The internet says that you can mount a bcache backing device even without bcache kernel support, using a loop device with an offset:
If bcache is not available in the kernel, a filesystem on the backing device is still available at an 8KiB offset.
... but, that didn't work either? binwalk will save us:
$ nix-shell -p binwalk --run "sudo binwalk /dev/backing/nixos"|head
DECIMAL HEXADECIMAL DESCRIPTION
--------------------------------------------------------------------------------
41943040 0x400000 Linux EXT filesystem, blocks count: 730466304, image size: 747997495296, rev 1.0, ext4 filesystem data, UUID=37659245-3dd8-4c60-8aec-cdbddcb4dcb4, volume name "nixos"

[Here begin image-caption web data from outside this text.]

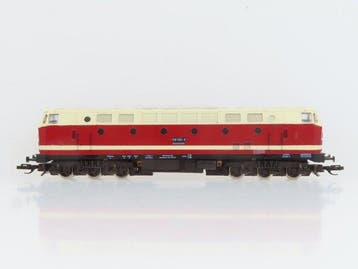 Berliner Bahnen TT - 01620 - Locomotive diesel (1) - BR 119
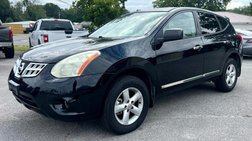2012 Nissan Rogue S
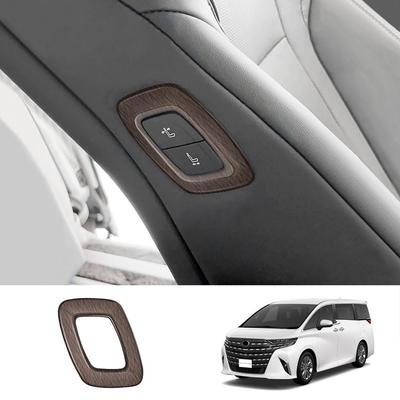 Onami ALPD-13-TM Toyota Alphard 40 Series Накладка регулировки сиденья пассажира, Детали интерьера, Toyota New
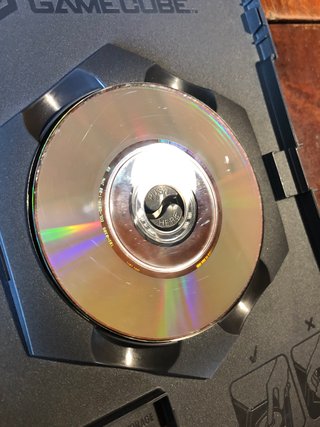 Resident Evil 1 gamecube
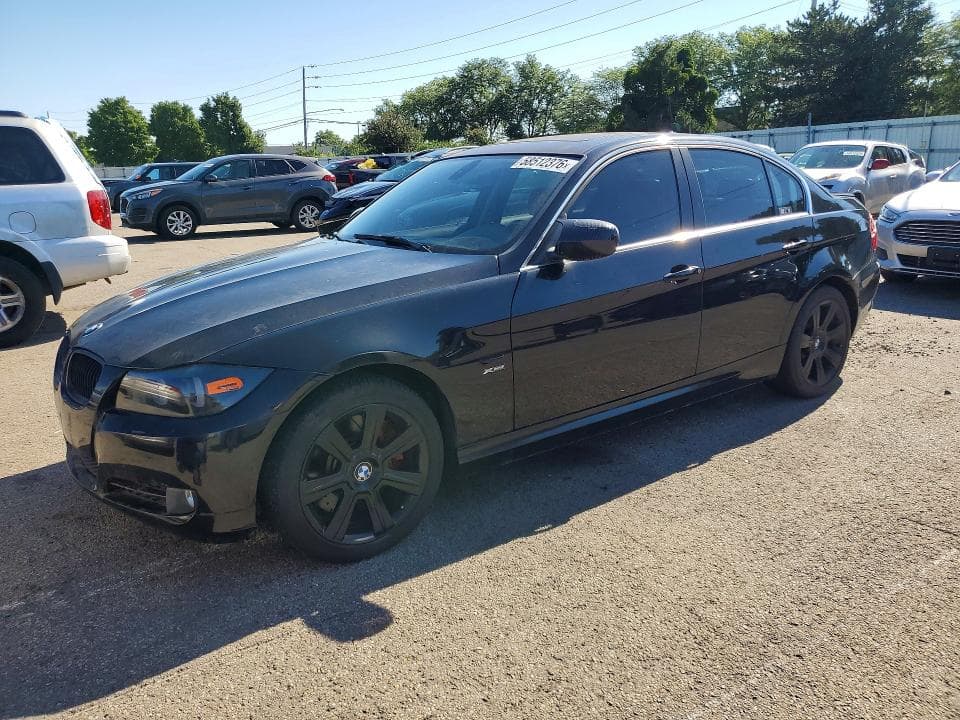 2011 BMW 3 SERIES - 1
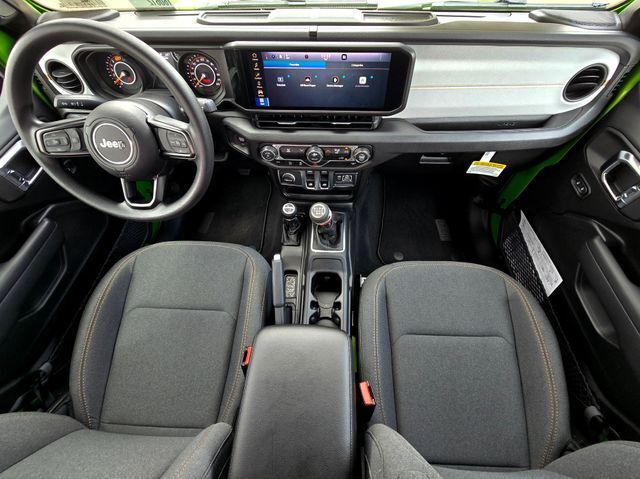 2026 Jeep Wrangler Sport Folsom CA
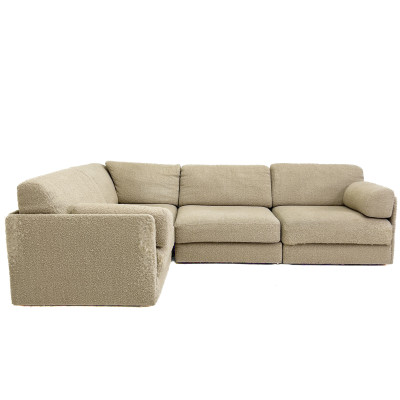 de Sede - DS 76/78 Modular Sectional Bouclé Sofa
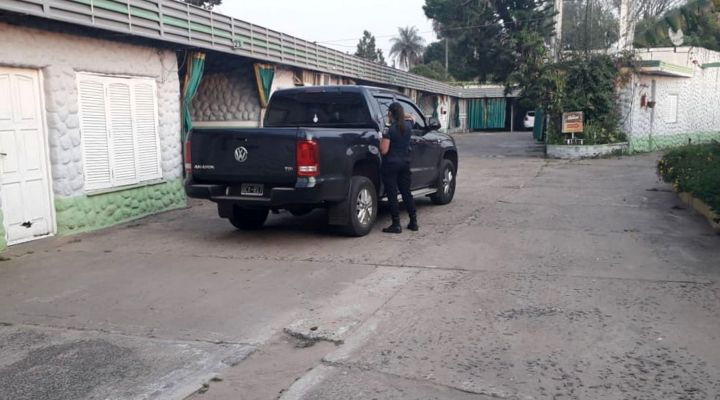 Prefecturiano misionero fingió un falso secuestro, fue hallado en un motel y dijo estar&nbsp;intoxicado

The offset is not 8K, it's 8K * 512. Don't ask me why, I only work here. So we can get to the data using
$ sudo mount /dev/backing/nixos /mnt -o loop,offset=4194304
and copy across the important stuff like /home/dan/src
and my .emacs
. But I'd rather like a more permanent solution as I want to carry on using the HDD for archival (it's perfectly fast enough for my music, TV shows, Linux ISOs etc) and nixos-generate-config
gets confused by loop devices with offsets.
If it were an ordinary partition I'd simply edit the partition table to add 8192 sectors to the start address of sda3
, but I don't see a straightforward way to do the analogous thing with a logical volume.
Resolution
Courtesy of Andy Smith's helpful blog post (you should read it and not rely on my summary) and a large degree of luck, I was able to remove the LV completely and turn sda3
back into a plain ext4 partition. We follow the steps in his blog post to find out how many sectors at the start of sda3
are reserved for metadata (8192) and how big each extent is (8192 sectors again, or 4MiB). Then when I looked at the mappings:
sudo pvdisplay --maps /dev/sda3
--- Physical volume ---
PV Name /dev/sda3
VG Name backing
PV Size 2.72 TiB / not usable 7.44 MiB
Allocatable yes (but full)
PE Size 4.00 MiB
Total PE 713347
Free PE 0
Allocated PE 713347
PV UUID 7ec302-b413-8611-ea89-ed1c-1b0d-9c392d
--- Physical Segments ---
Physical extent 0 to 713344:
Logical volume /dev/backing/nixos
Logical extents 2 to 713346
Physical extent 713345 to 713346:
Logical volume /dev/backing/nixos
Logical extents 0 to 1
It's very nearly a continuous run, except that the first two 4MiB chunks are at the end. But ... we know there's a 4MiB offset from the start of the LV to the ext4 filesystem (because of bcache). Do the numbers match up? Yes!
Physical extent 713345 to 713346 are the first two 4MiB chunks of /dev/backing/nixos
. 0-4MiB is bcache junk, 4-8MiB is the beginning of the ext4 filesystem, all we need to do is copy that chunk into the gap at the start of sda3 which was reserved for PV metadata:
# check we've done the calculation correctly
# (extent 713346 + 4MiB for PV metadata)
$ sudo dd if=/dev/sda3 bs=4M skip=713347 count=1 | file -
/dev/stdin: Linux rev 1.0 ext4 filesystem data, UUID=37659245-3dd8-4c60-8aec-cdbddcb4e3c8, volume name "nixos" (extents) (64bit) (large files) (huge files)
# save the data
$ sudo dd if=/dev/sda3 bs=4M skip=713347 count=1 of=ext4-header
# backup the start of the disk, in case we got it wrong
$ sudo dd if=/dev/sda3 bs=4M count=4 of=sda3-head
# deep breath, in through nose
# exhale
# at your own risk, don't try this at home, etc etc
$ sudo dd bs=4M count=1 conv=nocreat,notrunc,fsync if=ext4-header of=/dev/sda3
$
It remains only to fsck /dev/sda3
, just in case, and then it can be mounted somewhere useful.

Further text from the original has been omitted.